OSAKA – Yokozuna Asashoryu still looked shaky but got the job done with a fanciful leg trip against Tochinonada to stay one win off the pace at the Spring Grand Sumo Tournament on Thursday.
The Mongolian grand champion debutant was a far cry from his usual truculent self as the final bout got under way on the fifth day of action at Osaka Prefectural Gymnasium.
Asashoryu has struggled with his confidence, moving tentatively about the raised-ring, since an embarrassing defeat to compatriot Kyokutenho on the third day of the 15-day meet.
The 22-year-old from Ulan Bator immediately got locked at the ring’s center and had a heated tussle with the No. 2 maegashira before he was able to nozzle up for an outside leg trip that moved him to 4-1.
Meanwhile, Chiyotaikai was never tricked by a sidestepping Takanonami (2-3) in the penultimate bout and maintained his three-way tie with journeymen Kotoryu and Jumonji at 5-0.
The ozeki further eased his relegation worries, quickly ramming Takanonami over the bales before any kind of counterattack could be mustered by the top-dog maegashira.
Musoyama redeemed some much-needed respect for a beleaguered ozeki camp notching his first win of the meet against Shimotori.
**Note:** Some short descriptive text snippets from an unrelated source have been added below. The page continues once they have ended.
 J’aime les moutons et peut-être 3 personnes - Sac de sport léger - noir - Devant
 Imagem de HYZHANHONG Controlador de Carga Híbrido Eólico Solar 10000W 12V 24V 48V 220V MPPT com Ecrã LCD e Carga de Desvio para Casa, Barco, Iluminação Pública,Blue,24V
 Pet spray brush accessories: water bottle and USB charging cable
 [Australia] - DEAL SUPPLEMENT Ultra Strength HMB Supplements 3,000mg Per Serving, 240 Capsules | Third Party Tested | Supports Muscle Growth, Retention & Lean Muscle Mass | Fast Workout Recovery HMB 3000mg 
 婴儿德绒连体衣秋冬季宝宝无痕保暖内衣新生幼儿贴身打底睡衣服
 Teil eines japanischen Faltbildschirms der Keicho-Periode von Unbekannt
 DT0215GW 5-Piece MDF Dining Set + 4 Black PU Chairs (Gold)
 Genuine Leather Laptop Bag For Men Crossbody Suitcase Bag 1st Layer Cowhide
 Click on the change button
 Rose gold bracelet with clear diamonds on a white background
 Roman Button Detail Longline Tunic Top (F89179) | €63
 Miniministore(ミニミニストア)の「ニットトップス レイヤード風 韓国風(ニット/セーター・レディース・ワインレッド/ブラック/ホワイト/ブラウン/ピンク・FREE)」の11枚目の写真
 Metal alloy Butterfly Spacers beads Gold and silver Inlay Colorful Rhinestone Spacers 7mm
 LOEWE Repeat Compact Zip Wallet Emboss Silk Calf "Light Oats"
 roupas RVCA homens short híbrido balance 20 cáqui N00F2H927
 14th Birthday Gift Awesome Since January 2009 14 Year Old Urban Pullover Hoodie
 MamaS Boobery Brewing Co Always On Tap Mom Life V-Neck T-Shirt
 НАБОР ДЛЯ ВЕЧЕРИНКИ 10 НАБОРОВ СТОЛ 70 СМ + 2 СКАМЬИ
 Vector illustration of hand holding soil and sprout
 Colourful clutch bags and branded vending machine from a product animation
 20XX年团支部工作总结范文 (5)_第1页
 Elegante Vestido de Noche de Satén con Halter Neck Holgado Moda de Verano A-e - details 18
The ozeki, however, still appeared unsure of himself as he bellied out the third-ranked grappler to move to 1-4.
In the day’s upset, a late charge at the faceoff cost Kaio his bout against the bulldozing Dejima. The komusubi swiftly pounded the ozeki over the edge to his second loss.
The “kadoban” ozeki needs eight wins to keep his ranking after missing the past two meets with an arm injury.
Wakanosato (3-2), who has returned to the rank of sekiwake after an impressive 11-4 mark in January, made a weak attempt at defense against Wakanoyama (2-3), backpedaling out for his first ever loss to the fourth-ranked grappler.
Fellow sekiwake Kotomitsuki (2-3) faired no better, tumbling face forward onto the clay as he was yanked down by komusubi Tosanoumi (3-2).
Takamisakari did his best to excite himself and the crowd but again was more bark than bite. The No. 2 maegashira was promptly flung headlong to his fourth loss by sixth-ranked Iwakiyama (3-2).